I was taking photographs when I heard the news. It’s hit me hard. If I type I cant cry. So I am typing.
I feel like I’ve lost my father. Again. Worse this time. This person I knew.
I have just answered the phone to a shaky voice telling me a good friend of mine has died.
Graham Wiseman was more than a friend though. He was a father figure, a mentor, a teacher, the one guy who enabled me to do what I do.
Of course he would deny all this. He was far too humble to take any credit for the kindness and inspiration he passed on to others.
He would do anything for anyone. He did so much for me.
Up until recently Graham owned Redding Photographic studio in Rugby Town centre. The studio had offered it’s services since 1904 and Graham was proud to pick it up and carry it past it’s centenary.
I had I met Graham through his step daughter. I was heading off to travel the world and he told me not to take the ridiculously compact APS camera that was in my back pack.
I ignored him and it was many countries and years later when I returned to Rugby and told Graham he was right.
I was on the dole at the time and could earn an extra tenner a week if I was on a work placement. I asked Graham if he would sign me off not really intending to do any work. He did and even lied to the officials that would pop round and ask how I was doing. I was in a band. I didn’t need a job.
But I found myself spending more and more time in the studio. Whenever I was in town I would pop in.
I got to grips with Photoshop before I learned how to take a decent photo and with access to the studio dark room, I was developing and printing before learning how to use a camera properly.
I felt like a photographer. So I walked into the local newspaper and said I was a photographer. Graham had a way of installing confidence in people. At that point I hadn’t really taken any photos I was truly happy with. Still, someone had phoned while I was in the newspaper offices reporting the photographer had just broken both of her arms in a car crash. And I got the job.
That night I remember the both of us reading the manual of the newspapers weighty digital SLR. One of the first. We marveled at the technology. I knew I was hooked.
Still not wanting me to learn the wrong way, Graham gave me an old 1950’s manual rangefinder telling me it would do till I could afford a Leica. He was only half Joking.
One day he handed me a massive set of keys to his studio with a heavy keyring bearing my initials in brass. I was gobsmacked. Moved. He said anytime in the evening or on Sundays his studio was mine.
It was one of the single most enabling things anyone has done for me. The trust, the faith, the generosity just made me want to be as good as I could possibly be. This was my office in town. A place to shoot photos should I want to, but mainly to surround myself in the tech, the history and the art.

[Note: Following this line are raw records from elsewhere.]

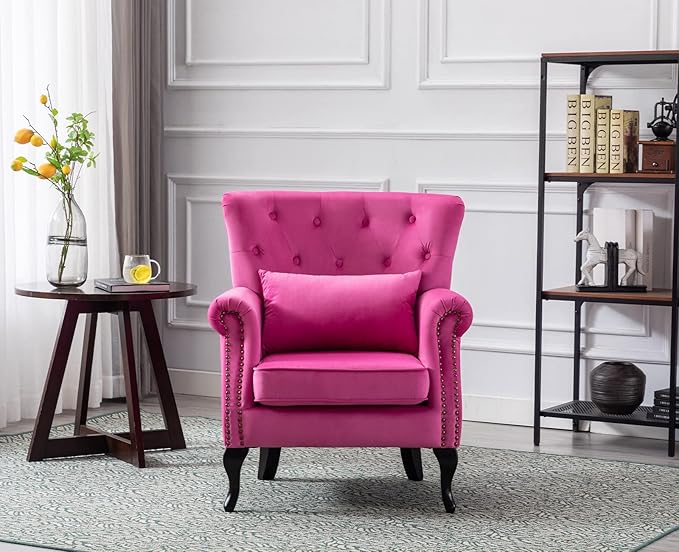 Kmax Velvet Tufted Accent Chair Mid Century Throne Chair Comfy Sofa Chair Padded Seating WingBack Unique Wood Legs Home Club Bedroom Living Room Rose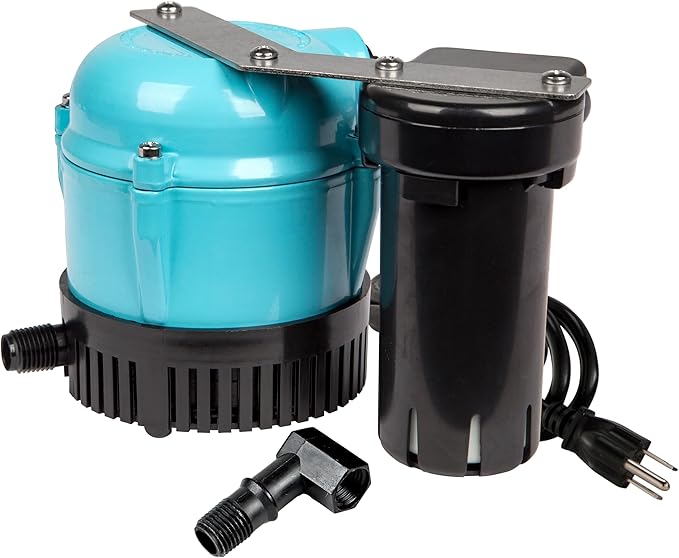 Little Giant 1-ABS 115-volt, 1/150 HP, 205 GPH Automatic Shallow Pan Condensate Removal Pump for Ceiling Mounted Air Conditioners or Dehumidifiers, Black/Blue, 550521 by LittleGiant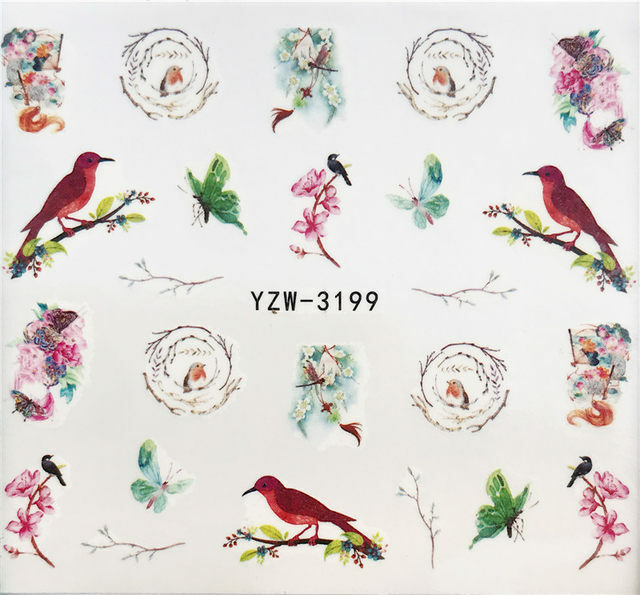 Nail Art Water Transfer Sticker Flower Leaves Butterfly bird Floral Decals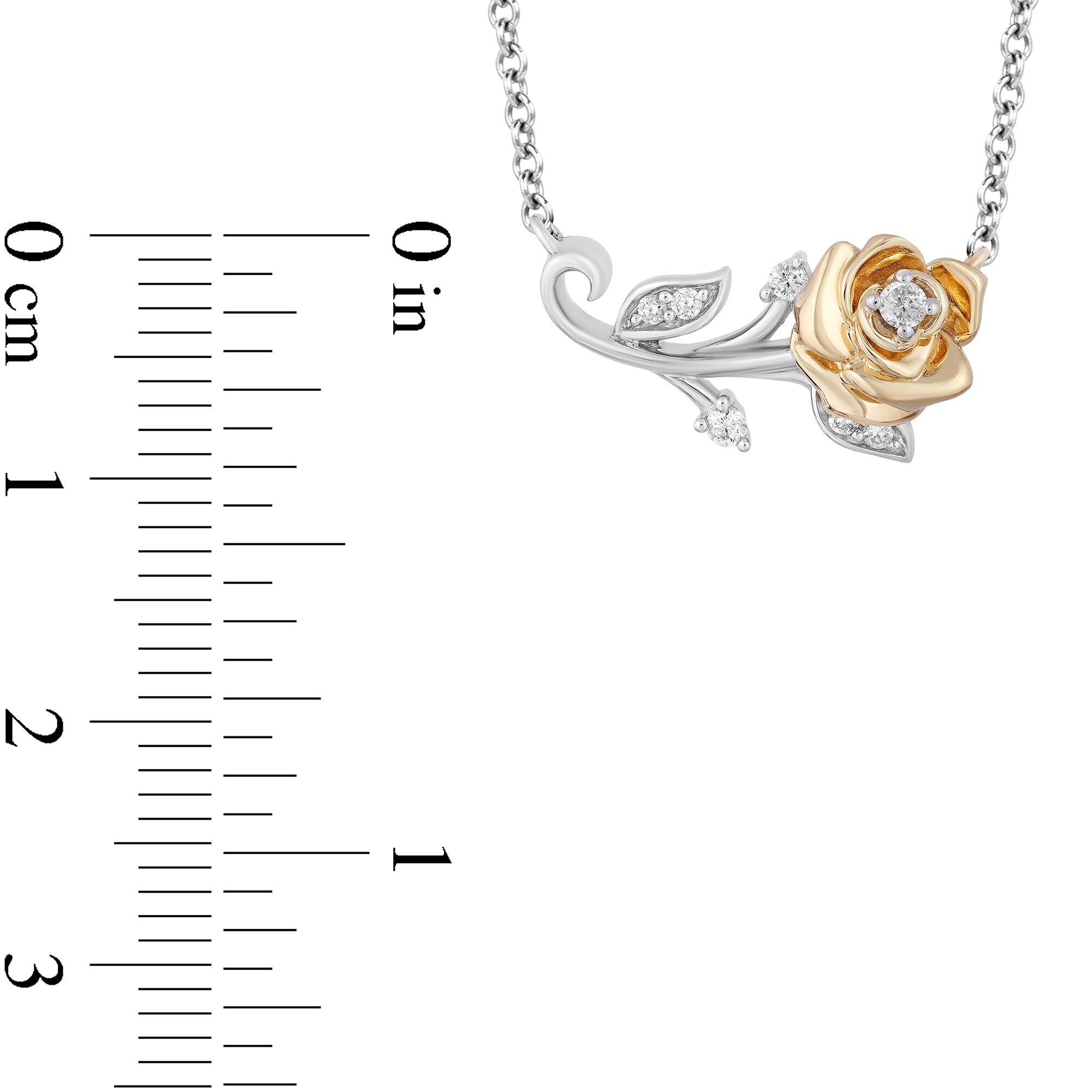 Enchanted Disney Belle 0.085 CT. T.W. Diamond Rose Bar Necklace in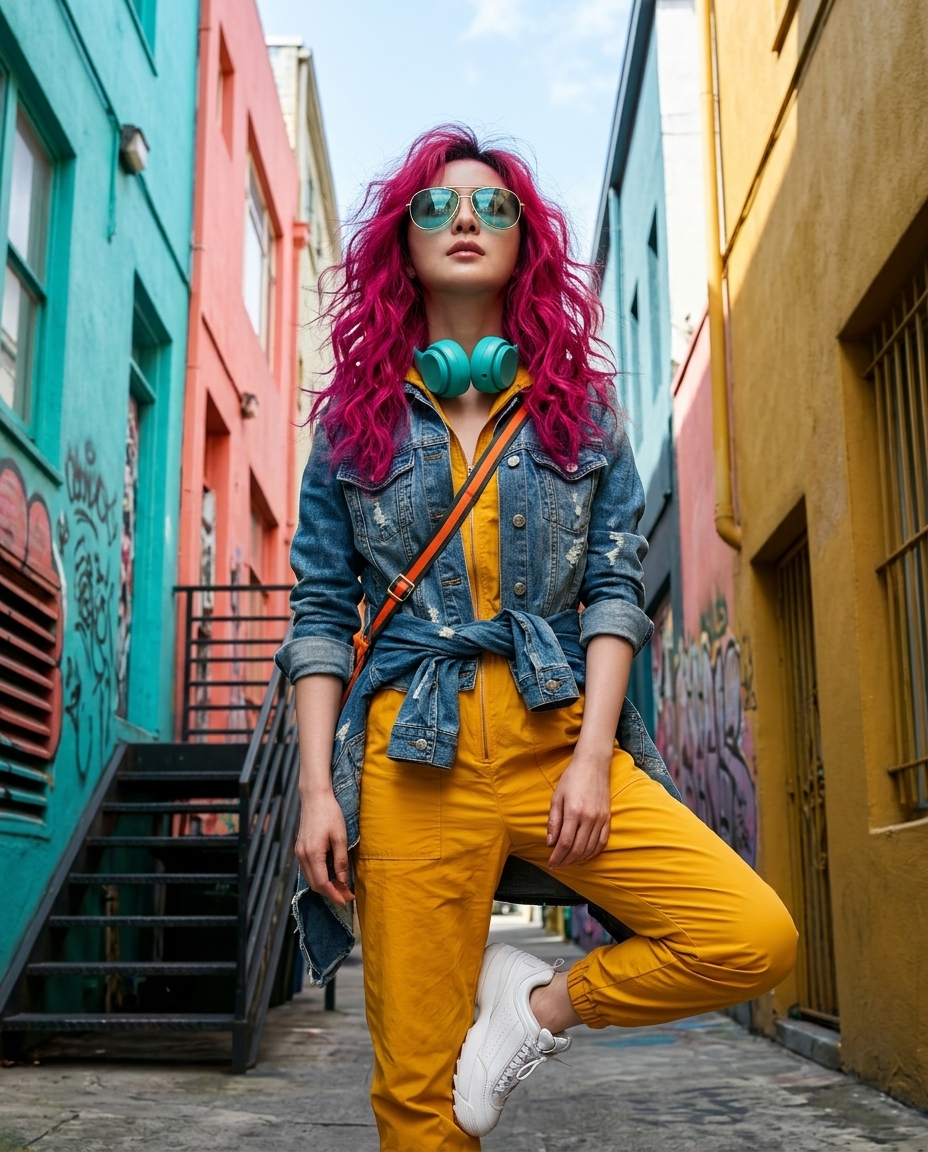 Neon Rebel: Photorealistic Streetwear Editorial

A few months later I was taking photos for the dailies, a few more after that I bought a Leica M6. I proudly showed Graham the first frame off my first film.
He said “You’ve got it.” He didn’t mean photography. He said I’d never stop learning and he was right. He meant I had captured ‘The Decisive Moment‘ and he handed me a book by Henri Cartier Bresson.
Over the next few years we shared books, magazines, camera purchases and his studio. We rarely worked together as we shot different subjects but we spent many hours chatting, browsing Ebay for tech and putting the world to rights.
When I went freelance It was because Graham said he would do all he could to help. All the PR requests that came through to the studio he would pass on to me. When he went on holiday with the family I would watch the shop.
He loved his family so much. He loved everybody and everybody loved him. Genuinely funny, truly wise. He would give his last penny if he thought you needed it.
Never has the death of a friend affected me so much. When I look around, when I look at me, my life and family. Much of it is because of the start he gave me. The confidence and advice in work and life.
I did thank him once. We had a manly mutual back slap after I had got back from Iraq. He was proud and that made me so happy.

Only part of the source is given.